### AIM OF THE TASK
Word for word, copy the lines from the one with "Tan Cinch Lace Leather Jacket" to the last line of the data below, counting both, and keep every picture out.

:: DATA SHOWN

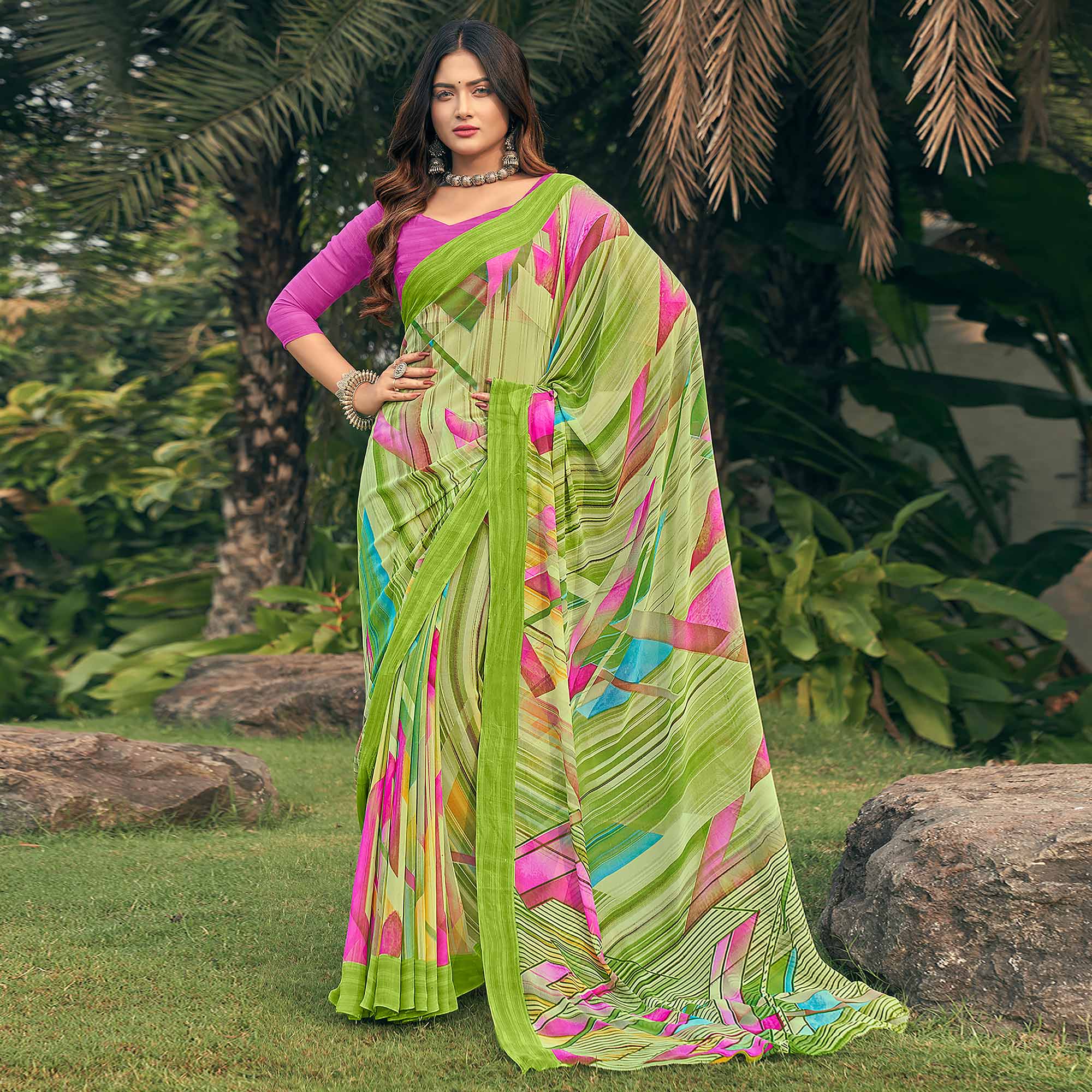 Green Geometric Printed Georgette Saree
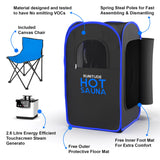 Runitude Portable Sauna Steam Tent | Full Size Home Personal Sauna Box Steam Room | Touchscreen 1000W 2.6 litre Generator | Including 1x Chair, 1x Foot Mat & 1x Protective Floor Mat | Men & Women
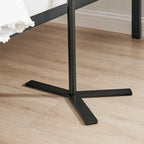 Carter Oval Teardrop Modern Raised Lip Edge Couch-Side Accent C-Table with Crossed Y-Shape Metal Pedestal Leg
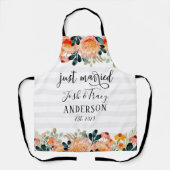 Waterverf bloemen en gestreept net getrouwd schort (Voorkant)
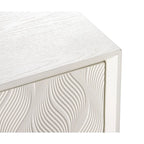 Mobile moderno a 4 ante con motivo curvo 3D, chiusura a pressione, mobile TV e credenza buffet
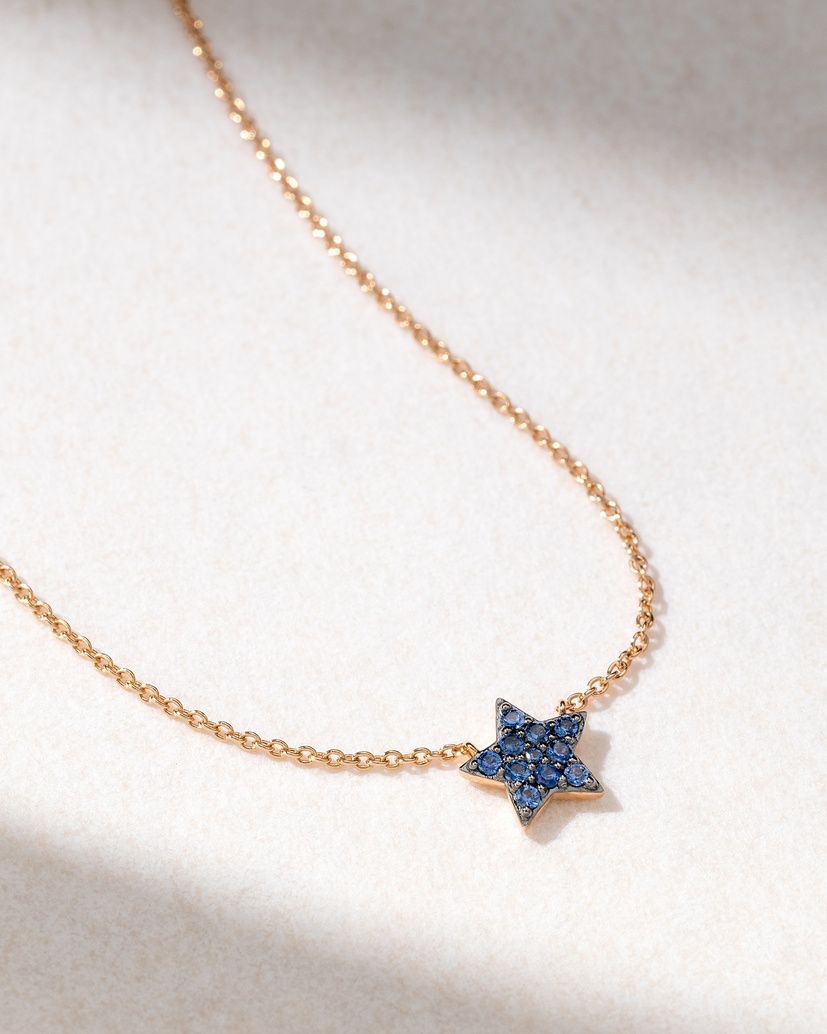 18K Rose Gold Necklace with Sapphire Star - Image 1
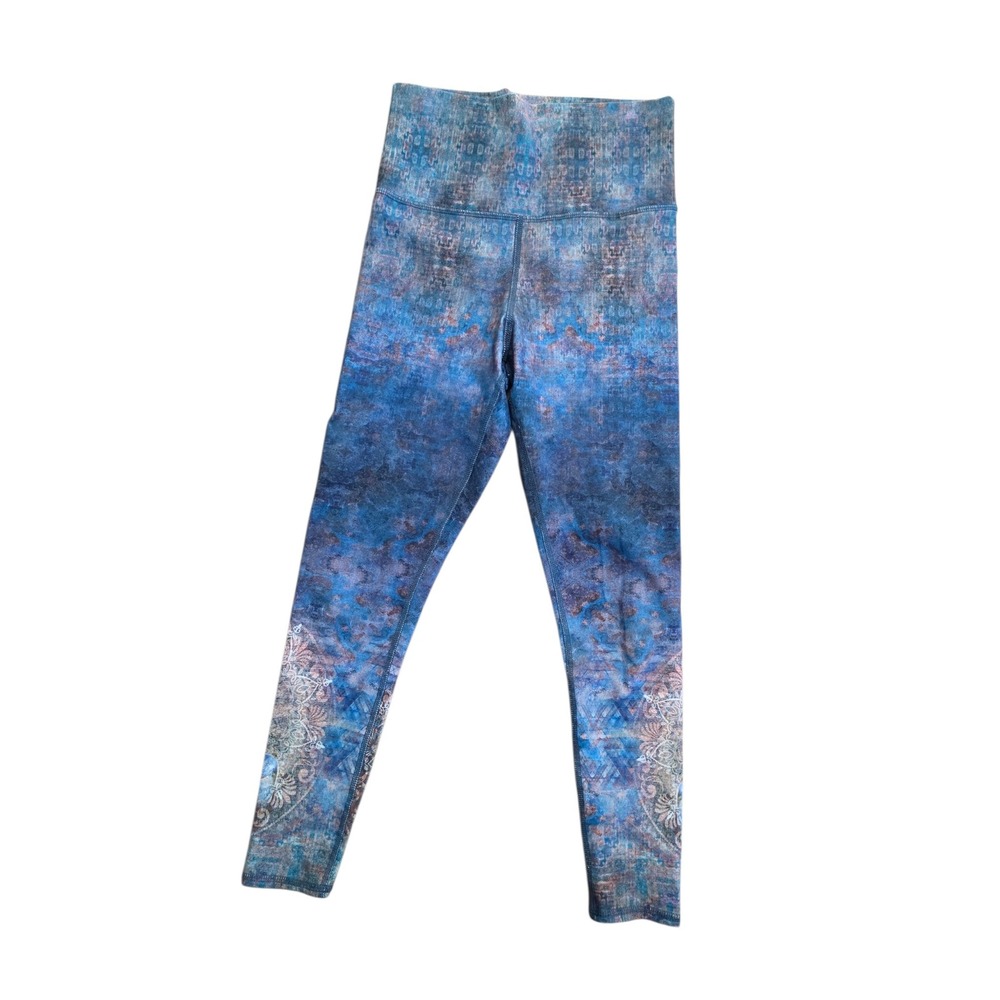 Evolution and Creation Buddha Mandala Print Leggings Blue Copper Small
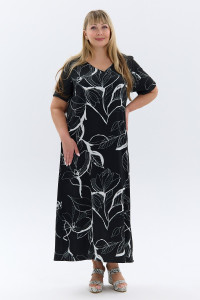 Платье женское П-048 жатка набивная (р-ры: 50-64) чёрный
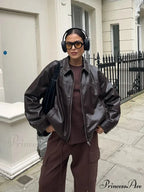 Tan Cinch Lace Leather Jacket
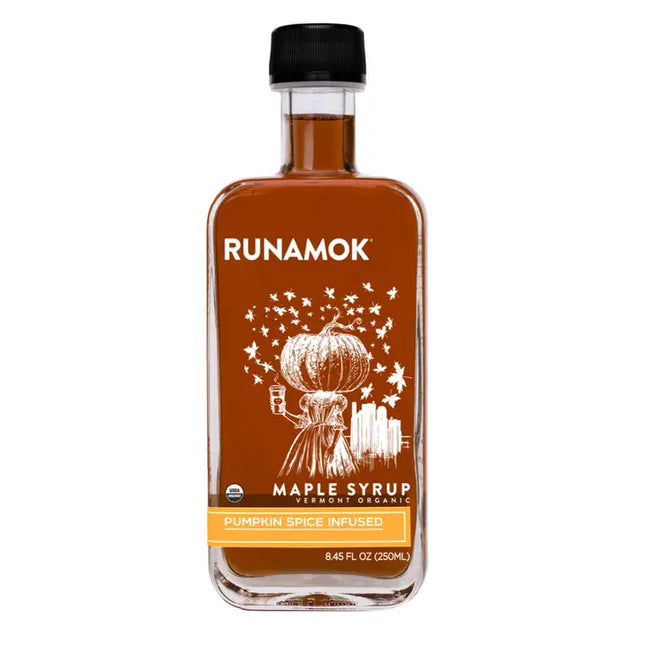 Bottle of Runamok Maple Syrup with pumpkin spice flavor on a white background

::::

### TASK OUTPUT
 Tan Cinch Lace Leather Jacket
 Bottle of Runamok Maple Syrup with pumpkin spice flavor on a white background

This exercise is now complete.